In my Reply above this one, I added a best-case estimate that the 27x27 will take a factor of 1.7x10^10 as much time as the 8x8.

@bikramphy I deleted your Question that simply added "Petrov type O" to this Question because it is too similar to this Question to merit its own thread. Please use this thread to post the amended question.

@Bohdan I said "very special", not "very spatial". Anyway, the problem seems so enormous from first impression that I doubt that any serious computational mathematician would bother taking the time to even consider the possibilities of the patterning.

The pattern that you've described is not simple in a way that helps. Your matrix has 3^5 = 243 distinct nonzero symbolic entries. From a computational persepctive, those might as well be 243 distinct variables.

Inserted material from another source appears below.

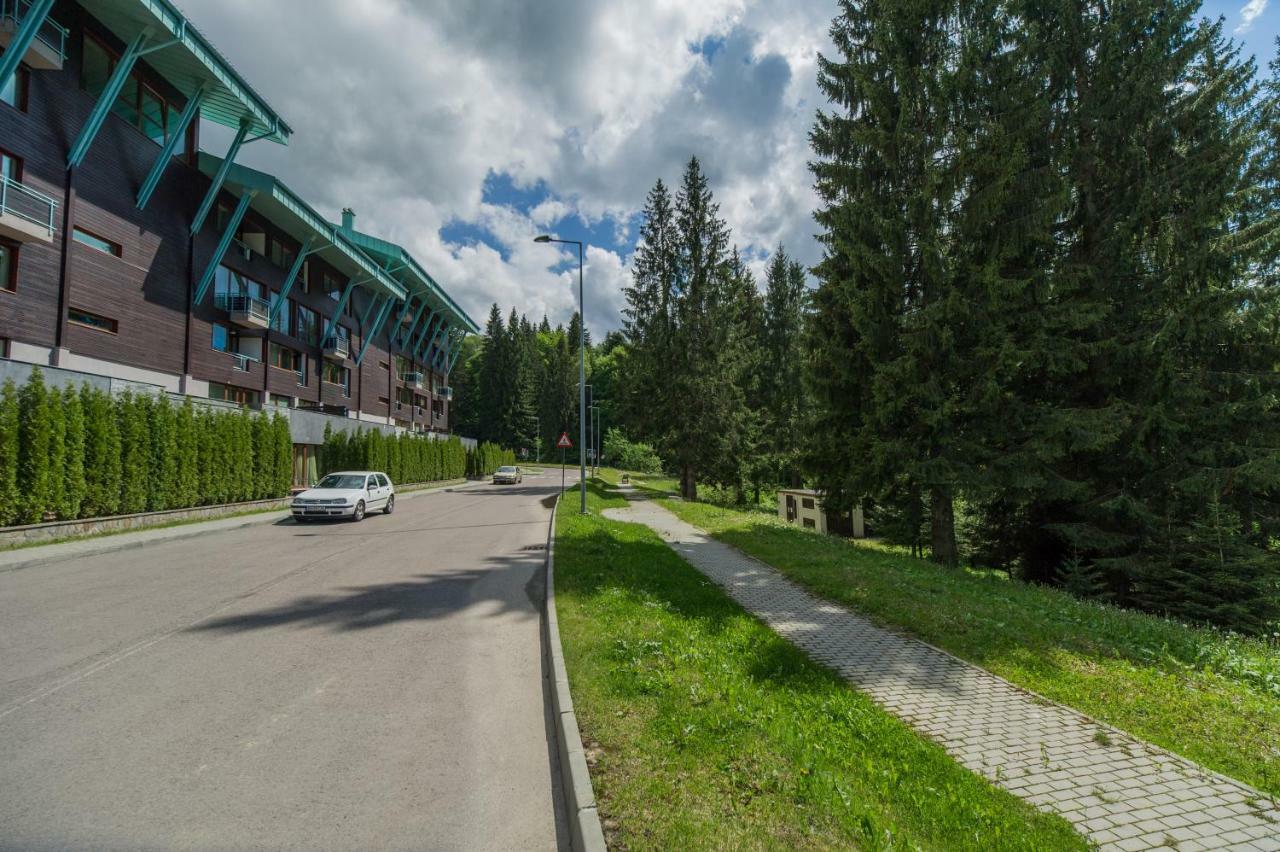 Family Apartment In Silver Mountain Resort 波亚纳布拉索夫 外观 照片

Here's a best-case estimate comparing the 27x27 problem with the 8x8:

evalf(GAMMA(1 + sqrt(243))/GAMMA(1 + sqrt(32))) = 1.7x10^10.

@DoingMath2018 

At z = -1, the sum diverges (unconditionally) to -infinity. And also limit(ln(1+z), z= -1) = -infinity, regardless of direction. So Maple's response using assuming abs(x) <= 1 seems sensible to me.

@Bohdan To get a rough estimate of those orders of magnitude: 27! / 8! = 2.7x10^23. So, if the 8x8 took 2 hours, then the 27x27 may take 5.4x10^23 hours (far longer than the age of the Universe) using the same algorithm, unless perhaps there's some very simple pattern to the entries in addition to all those zeros.

@Bohdan 

Let's consider the enormity of the problem of inverting a 27x27 symbolic matrix: Suppose that you have a 27x27 matrix each entry of which is a single distinct variable (so there are 27^2 different variables). Then each entry of the inverse is a rational function. The denominators are all the same polynomial, which has 27! = 10888869450418352160768000000 = 1.09x10^28 terms, each term having 27 factors. There are 27^2 different numerators, each being a polynomial with 26! terms, each term having 26 factors. Now, obviously, there's not enough memory in all the computers in the whole world--put together--to represent that. So, regardless of the "way" or algorithm used, it's impossible to compute if for no other reason than the size of the result, which is a mathematical fact that's not changeable.

Now, if your matrix has some **very special** pattern (instead of 27^2 different variables) and a lot of zeros, maybe something is possible, but I doubt that it'd be worth the effort.

@Bohdan Please post the data file, or at least a few lines of it (including the first line). Also, the code that Joe and I posted makes no attempt to skip over header lines (if there are any).

@PhD_Wallyson Your M is a 4x4 matrix, but plot_mode is implicitly hard-coded to expect that M will have 12 columns. This is because it contains this 12-vector:

<a[1], b[1], c[1], d[1], a[2], b[2], c[2], d[2], a[3], b[3], c[3], d[3]>

@Scot Gould You wrote:

• I'm not sure it is worth much time in reading more about the ordering of sets given that "This order could be changed in future versions of Maple, and/or objects could be represented in a different way in future versions. You should not assume that sets will be maintained in any particular order."

Although---as that help-page quote suggests---the set order is not "carved in stone", set order is still a very useful thing: It ensures that (for sets of immutable objects) when a computation starting with restart is re-run with the same version of Maple (even on a different computer), the sets will be ordered the same way. This is much better than set order's predecessor: Sets used to be ordered by the memory addresses of their elements, which is ephemeral.

While I don't think that it's important for the average user to know the details of the set order, it is useful to know that there is a fixed set order (for sets of immutable of objects).